Let's model each pick up as a $N$ -element row vector where each element tells how many times the elevator stopped on that floor.

If the person who the elevator is going to pick up is on the floor $1$ and wants to go to the floor $K$ where $K \neq 1$ then the elevator goes to floor $K$ stops and then goes to floor $1$ and stops . Thus the pick up vector has $1$ at indices $1$ and $K$ and $0$ everywhere else. Sum of all these pick up vectors is $\left[(N-1), \ 1,\ \ldots, \ 1\right]$ .

If the person is on floor $K$ where $K \neq 1$ and wants to floor $1$ the path of the elevator is the same as in the previous case so the sum of the pick up vectors is also the same, i.e. $\left[(N-1), \ 1, \ \ldots, \ 1\right]$ .
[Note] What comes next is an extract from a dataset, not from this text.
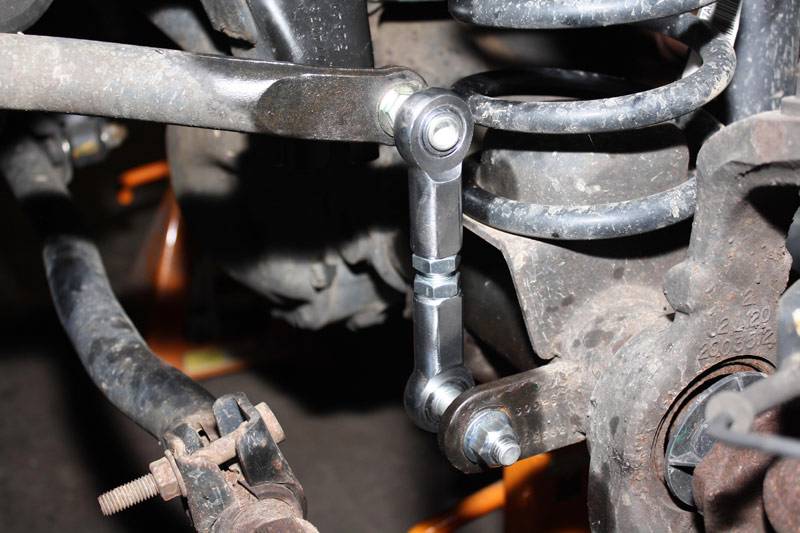 Adjustable Length Front Sway Bar End Links Jeep® JK Wrangler with 0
If the person is on floor $K$ where $K \neq 1$ and wants to floor $M$ where $M \neq 1, M \neq K$ then the pick up vector has $1$ at the indices $1, K$ and $M$ and $0$ everywhere else. Sum of all these pick up vectors is $\left[(N-1)(N-2), \ 2(N-2), \ \ldots, \ 2(N-2)\right]$ .

Thus the sum of all of the pick up vectors from all the possible cases is $\left[(N-1), \ 1, \ \ldots, \ 1\right] + \left[(N-1), \ 1, \ \ldots, \ 1\right] + \left[(N-1)(N-2), \ 2(N-2), \ \ldots, \ 2(N-2)\right] = (N-1)\left[N, \ 2, \ \ldots, \ 2\right]$ .

The total $\color{#D61F06}\text{sum of the floor numbers}$ and total $\color{#3D99F6}\text{number of floors}$ can be calculated by taking its dot product with $\left[1,\ 2,\ \ldots,\ N\right]$ and $\left[1, \ 1, \ \ldots, \ 1\right]$ respectively.

Thus, the total $\color{#D61F06}\text{sum of the floor numbers}$ is $(N-1)(N^2 + 2N - 2)$ and the total $\color{#3D99F6}\text{number of floors}$ is $(N-1)(3N-2)$ .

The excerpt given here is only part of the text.